Before moving toward private clouds, IT shops must become even more efficient at server virtualization. Most IT departments lack consistent procedures for tracking the deployment, usage and ownership of virtual machines; that leads to "virtual machine sprawl," which will cancel out the economic savings of a private cloud, Forrester says.
IT shops also need to learn to manage the entire pool of virtualized servers rather than single virtual machines or workloads, the report adds.
Once your virtualization house is in order, Forrester suggests the following steps to get started with a private cloud:
* Begin with noncritical workloads to show that it works.
* If a business unit is willing to invest in cloud computing, set up a brand-new cloud environment just for them.

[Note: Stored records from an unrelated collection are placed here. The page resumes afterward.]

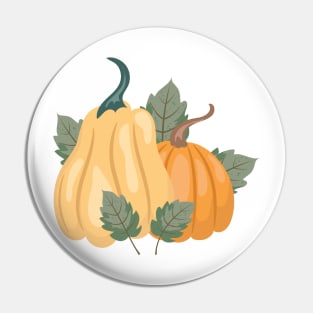 Fall Pumpkins Pin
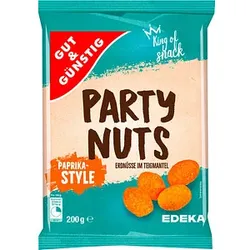 GUT&GÜNSTIG Party Nuts Erdnüsse 200,0 g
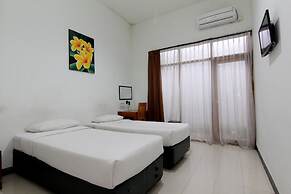 The Fort Hotel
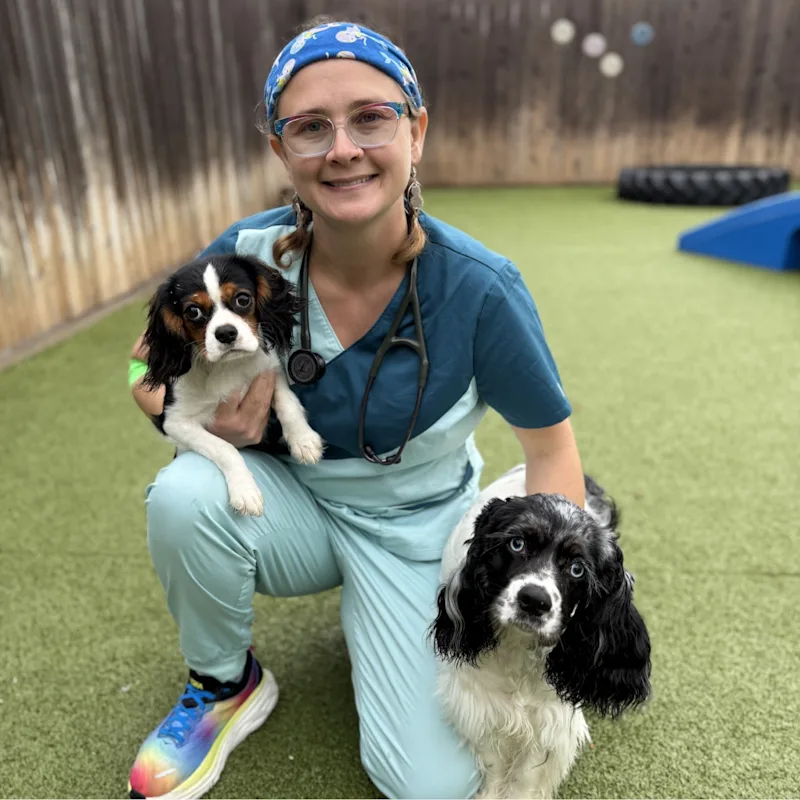 Dr. Jen Calvert Dr. Jen Calvert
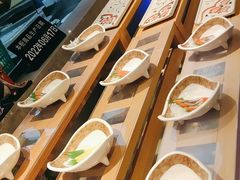 自助取餐区-千滋百味自助海鲜烤肉(布吉景华店)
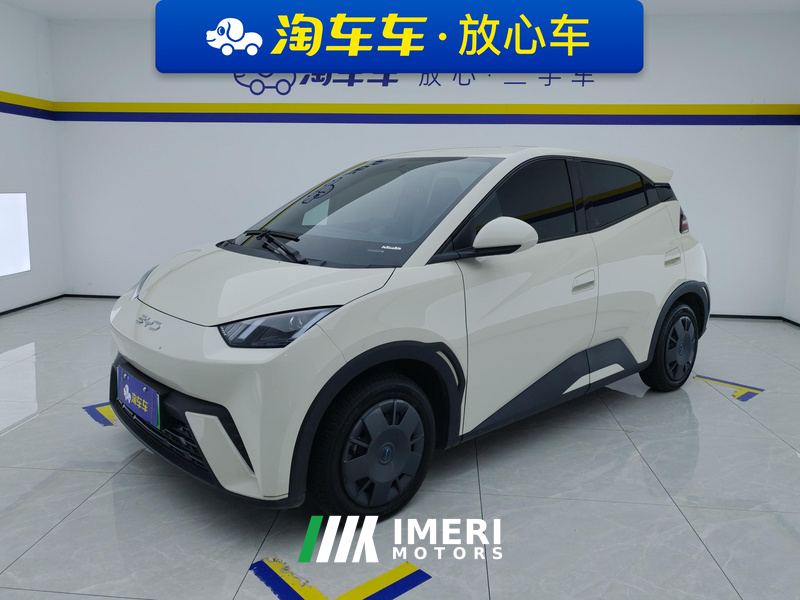 BYD Seagull 305km Vitality Edition - автомобиль из Китая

* Get executive support -- actually, a mandate -- so that business units will share the pool of virtual resources.
* Show the benefits, such as dramatically faster deployment and lower costs.
* Embrace public clouds that can supplement your internal cloud.
In a traditional data center setup, "every time you add a server, somebody has to walk to a firewall console, set up firewall rules, attach the server to a VLAN, set up load balancing" and do many other tasks, explains Jeff Deacon, cloud computing principal at Verizon Business, a unit of Verizon Communications Inc. that provides managed services. But a private cloud needs little human intervention other than bringing in new computers or storage to keep up with demand. In a cloud environment, there is one console that lets operators set parameters to automate the entire process, rather than requiring IT personnel to log into different consoles for security, networking and server operating system functions.
Another big difference between private clouds and traditional data centers involves IT processes, which probably need to be revamped for a private cloud. Today, for example, to provide computing resources, IT organizations typically have to get budget approvals, discuss the implications with storage, network and server groups, and fill out tons of paperwork. This type of process is in stark contrast to the streamlined, short-duration provisioning done in clouds. The time-to-provision may go from weeks in the traditional data center to minutes in a cloud.
The systems running older applications may need an overhaul too, if they're based on mainframes and proprietary Unix platforms. Most virtualized environments, including private clouds, are geared to run on x86-based systems. Also, in a virtualized environment, you generally don't know exactly where an application is running at any given time. Because most legacy applications are tied to a specific platform, running them in a private cloud will often require re-architecting them.
Divorcing applications from the hardware is a hallmark of clouds, including private clouds. In a traditional data center, you might have 10 servers running billing applications, and five other servers running customer data apps. But with a private cloud, it's not known ahead of time which servers will run which specific applications. The applications run on whichever servers have free cycles at the time the apps need to run.
Private clouds involve two groups of people: the IT operations staff and the business users who want to run applications. A private cloud gives business users the opportunity to quickly provision a server and run an application when they want to, without human intervention.
The IT operations staffers have to make sure that sufficient resources are available for the type of on-demand computing that business users have heard is available with public clouds, and that usually means that the wait for user-requested resources is minutes, not days. Anything short of this, and end users won't be happy.